Task to complete: Beginning with the line that contains "Mar Baselious Vidya Bhawan-Chemistry Lab", restate each line below through the final one exactly, and exclude the pictures.

Dataset excerpt:
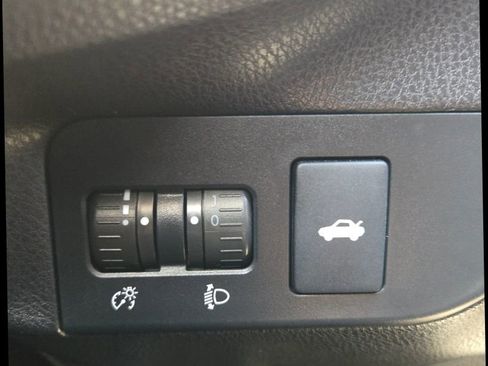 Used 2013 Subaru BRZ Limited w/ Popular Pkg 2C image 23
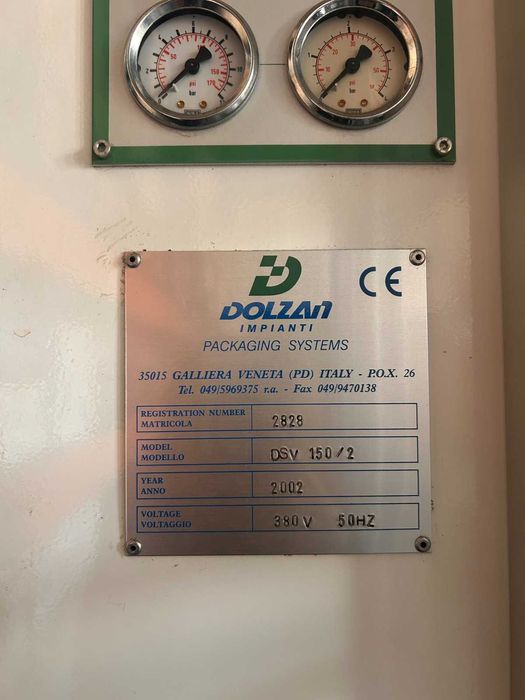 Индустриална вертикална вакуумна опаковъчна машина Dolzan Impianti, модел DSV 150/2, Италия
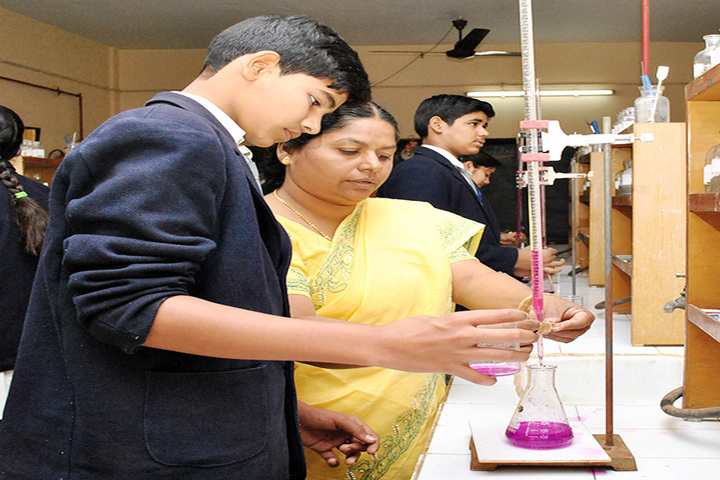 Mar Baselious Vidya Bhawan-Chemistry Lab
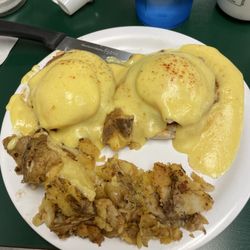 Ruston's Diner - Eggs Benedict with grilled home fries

Solution to this exercise:
 Mar Baselious Vidya Bhawan-Chemistry Lab
 Ruston's Diner - Eggs Benedict with grilled home fries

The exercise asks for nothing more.